Driving calls to your business is important. It's also important to follow these call tracking best practices so that you can improve your performance based on what’s working best.
Use call reporting to track calls from your ads
Call reporting provides you with details about the calls that you receive, down to the keyword level. By routing calls to your business through a dynamic, trackable phone number, you can get new reporting insights like call duration, call start and end time, caller area code and whether the call was connected. Most importantly, it allows you to track high value calls as conversions. All of this information will later become crucially important as you go about improving the performance of your call ads.
Tip
If you want to indicate to users that you’re a part of the local community, use a phone number with a local area code. If available, we’ll show your ad with local forwarding numbers that share the same area code or prefix number as your business; otherwise, a local number area code or prefix for your geographic region will be used instead. If a local number isn’t available, your call ad will show a toll-free number.
Track calls as conversions
Conversion tracking gives you important information that you can use to improve the performance of your account (with that info being available all the way down to the keyword level). There are multiple ways to track call conversions from the phone calls you drive: by setting the length of a call as an indication of value, or directly importing call conversions and revenue from your own offline call tracking information.

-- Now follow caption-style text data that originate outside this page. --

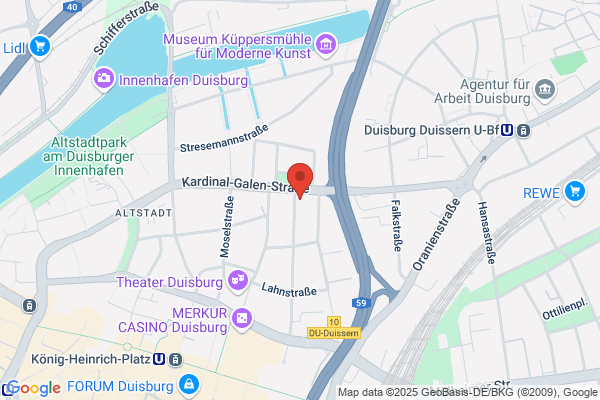 Debeka Geschäftsstelle Duisburg (Versicherungen und Bausparen)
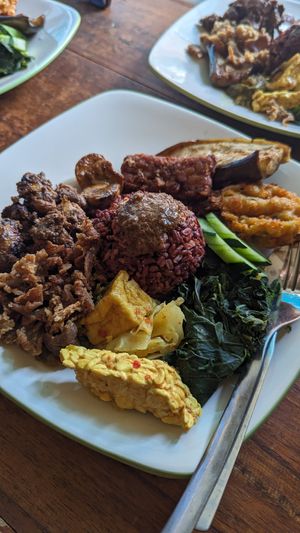  at Minang Vegan in Ubud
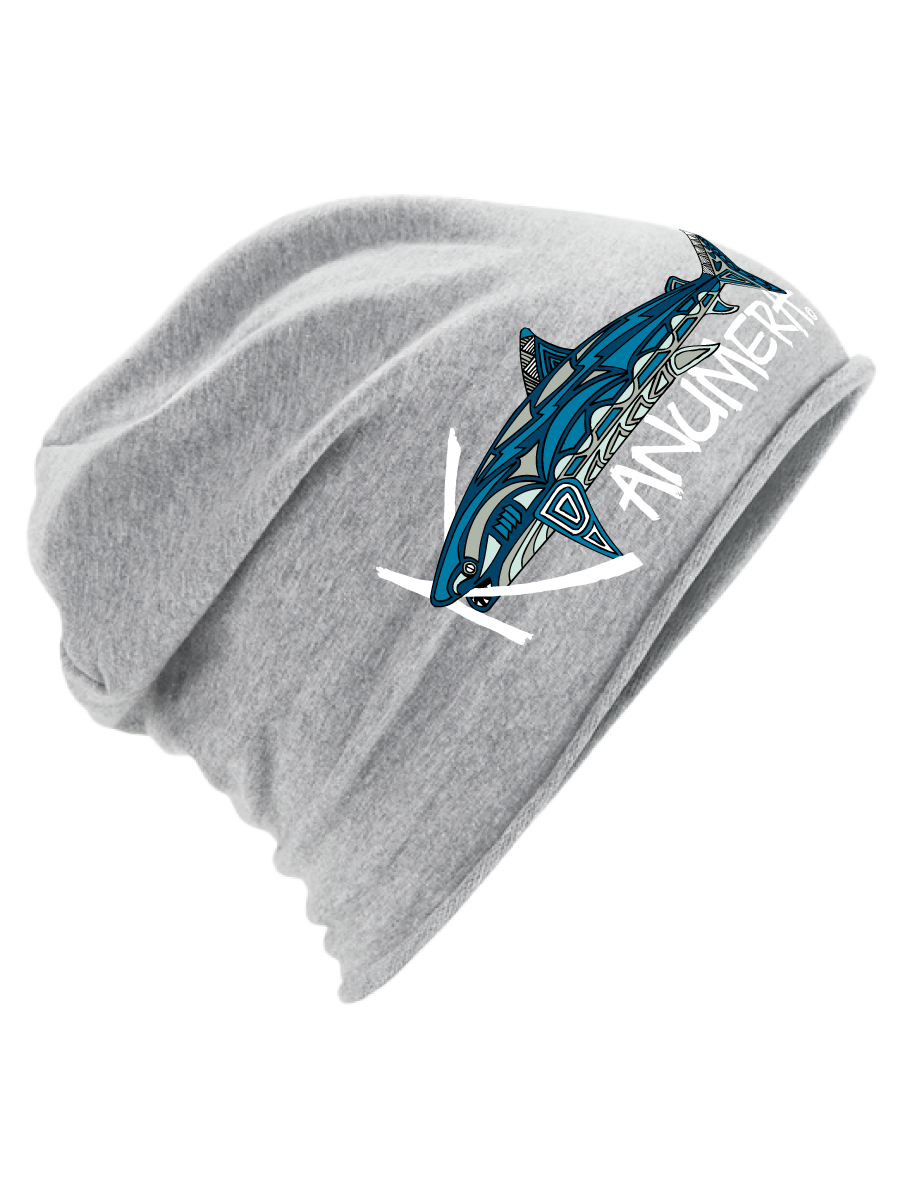 Shark Roll edge beanie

Imported call conversions is the most precise way to measure which calls lead to sales and other valuable customer actions. It lets you tell Google Ads when a phone call results in a sale or other conversion type by connecting the dots between your Google Ads performance and the different call outcomes you’re tracking in another system. For example, in addition to phone sales, an insurance advertiser might also track which calls result in a quote request or an upsell to another insurance line. By importing this information into Google Ads, you can learn which of your ads and keywords result in the most valuable mix of calls for your business.

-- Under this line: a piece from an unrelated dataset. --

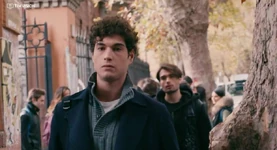 Giancarlo Commare as Edoardo Incanti in Skam Italia (Italy)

If you aren’t able to import your call conversions and will rely on Google Ads to measure those conversions, you can instead set a threshold for the duration required to count as a conversion. Here are a couple of things to consider as you decide for yourself:
- Look through your call history to identify trends in call duration
- Ask your staff answering calls what the minimum duration of a high-quality call generally is
- Run a sample call yourself and time how long it takes to navigate call menus/greetings before saying something substantial to another person
Track website call conversions
Along with measuring the calls you receive from your ads, you can also set up website call conversions to measure when users call after visiting your website from an ad.
Some users need a bit more information than the results page can give them before they call. Regardless of whether someone calls you immediately or after a couple of days and a bit of research, measure all of the calls that you can.

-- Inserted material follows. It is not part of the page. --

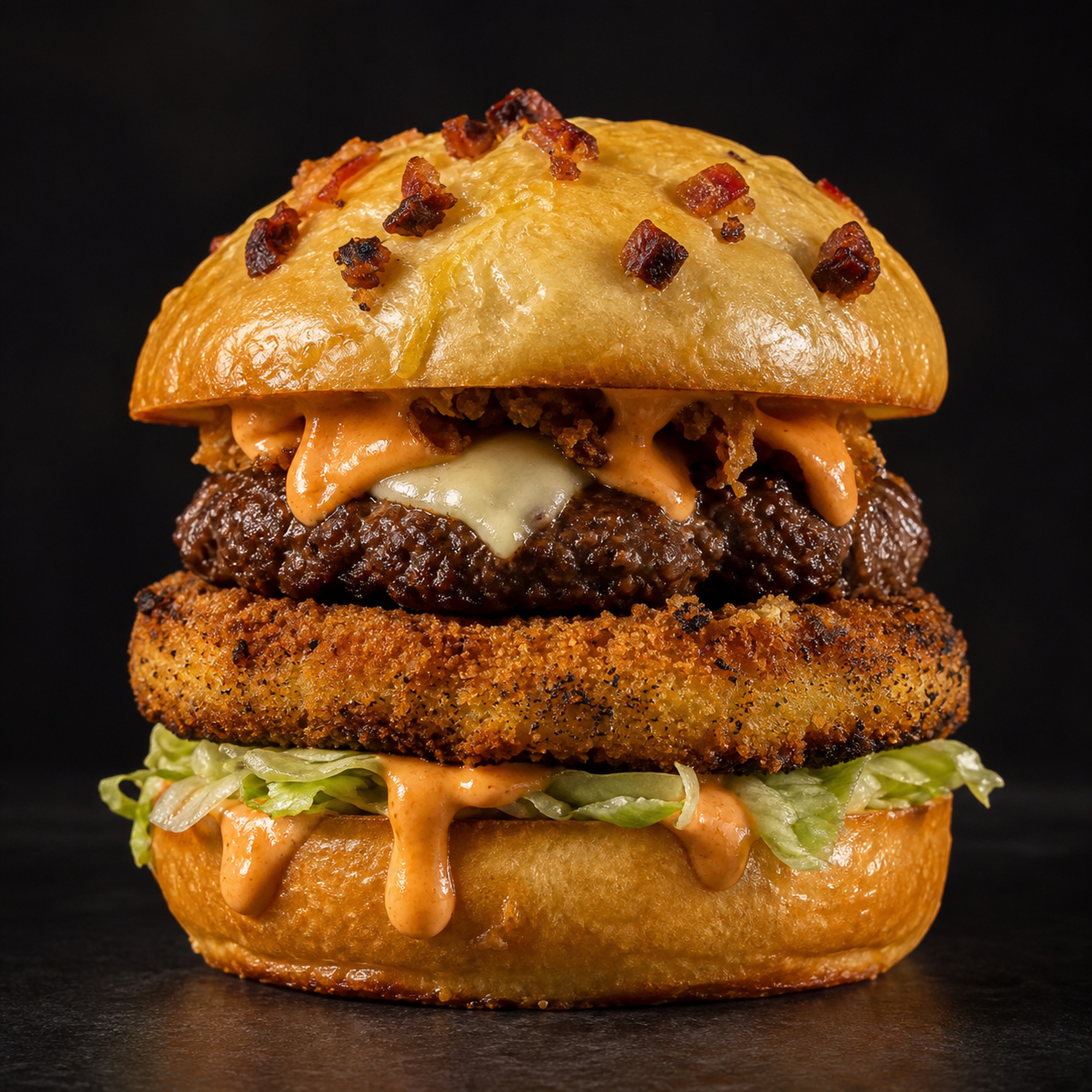 Burger Drwala – widok frontowy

Website call conversions let you measure the calls that originate from Google Ads for up to 60 days after the initial ad click happened. Tracking website call conversions helps you see how ads, your website and your phone calls work together through the customer journey. Your site can help pre-qualify customers, so that when users do call they’ll be that much more interested in what you have to offer.
Tip
Rely on your own systems to track website calls that come from non-Search ads.
Once you’re tracking your mobile calls as conversions, remember that other types of calls are counted in “All conversions.” Calls placed after manually dialing a phone number from ads on tablets and computers are included in the “All conversions” column. Those conversions can’t be used for automated bidding. As you review your performance from calls, look at the “All conversions” column instead of the standard conversions column to take into account all of the calls you’re driving, even from non-mobile devices.
Case study
DSL Extreme delivers high-speed internet to homes and businesses across the nation. They track call conversions across their ads and website to monitor call quality at the keyword level, and measure which calls result in engaged conversations with a sales agent. By analyzing these conversations, DSL Extreme determined the exact length of a call that typically results in a sale, information they use to further enhance the caller experience.